The Liberals are counting on second preferences from Pauline Hanson’s One Nation party to save them. In a sign of election panic, they have ended their decades-old war with the woman they considered a political pariah for her racist views. Following a late deal, Hanson pulped how-to-vote cards preferencing other minor parties ahead of the Liberals.
In return for One Nation putting the Liberals second, especially in Dutton’s marginal seat of Dickson, the Liberals will now preference Hanson’s candidates in the 139 seats they are contesting.
Hanson told ABC Radio the last-minute reversal in her preference policy was to counter what she considers the maverick behaviour of Clive Palmer’s Trumpet of Patriots party. Her chief of staff, James Ashby, sees it in terms of “saving Peter Dutton”.
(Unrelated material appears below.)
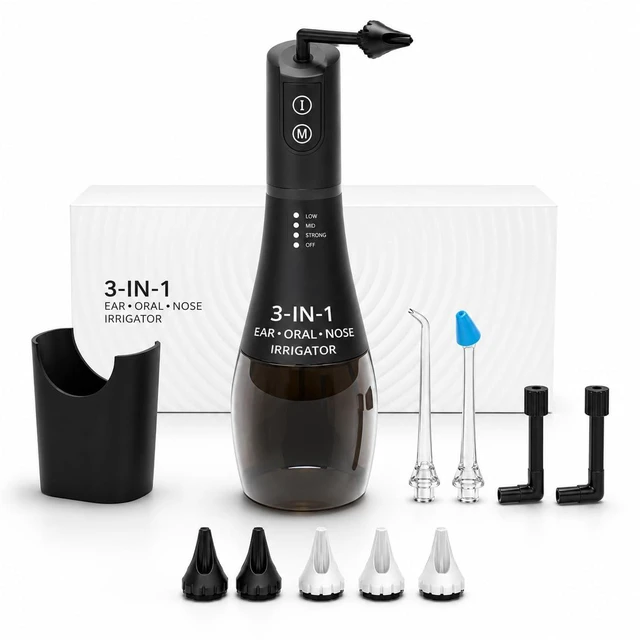 Main image of Electric 3-in-1 Ear Nose and Oral Irrigator with 5 Pressure Modes and Auto Timer, Ear Wax Removal Water Flosser and Nasal Rinse System, 6 Nozzles, Basin, Dust Bag, Charging Cable, Waterproof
The Nine Network’s debate panel voted 2-1 to declare Peter Dutton the winner. This view was not shared by the Labor camp. One senior minister says he left the studio very satisfied with proceedings.
In terms of which leader gave their opponent political ammunition for the remaining critical days of the campaign, Peter Dutton was definitely the winner.
He confirmed there would be significant budget cuts, but he would not say where they would fall. This has been standard opposition practice in this election. The Coalition has not taken voters into its confidence on how it will fund any of its major promises, from nuclear power to the $21 billion signature defence policy it unveiled on Wednesday.
In the debate Dutton said it wasn’t possible to “outline the budget from opposition”. “You work through with the central agencies, with Treasury and Finance, to identify where there are problems in the budget,” he said.
Dutton says his models are John Howard and former treasurer Peter Costello. He is obviously counting on few, if anyone, remembering that their first budget was a shocker, with sweeping cuts to education, social services and health. They even wanted to withhold unemployment benefits from people under 30.
Tony Abbott and his treasurer, Joe Hockey, tried to repeat similar swingeing cuts in their first budget, despite promises not to do so. The spectre of that 2014 budget is haunting the Liberals in this election. It explains why Dutton is giving no unequivocal promises on what he won’t cut – a lesson after Abbott gave false promises on the eve of the election.
The prime minister said Dutton’s refusal to say where his cuts would be made meant he was “not being fair dinkum”.
Some News Corp commentators believed Dutton’s attack on Albanese’s integrity during the debate was a knockout blow. He interjected that the prime minister “couldn’t lie straight in bed” and that Albanese’s claim that Dutton as health minister had “ripped” $50 billion out of health was unbelievable.
It is certainly arguable, given the budget documents at the time claimed these projected cuts as savings.
Albanese’s counterpunch highlighted Dutton’s reputation for aggression. He said, “You can go to personal abuse – that’s a sign of desperation, Peter, frankly.”
Labor strategists believe Dutton’s machismo plays badly with viewers and his attempt at assertiveness backfired.
The final leaders’ debate will be on Sunday night. Albanese is the only prime minister to agree to four. His thinking seems vindicated if the polls are a guide; the more voters see of the Liberal leader, the less impressed with him they are.
Vox pops of early voters indicate they have had enough, don’t want to hear more and have made up their minds.
We will find out in seven days what their verdict is.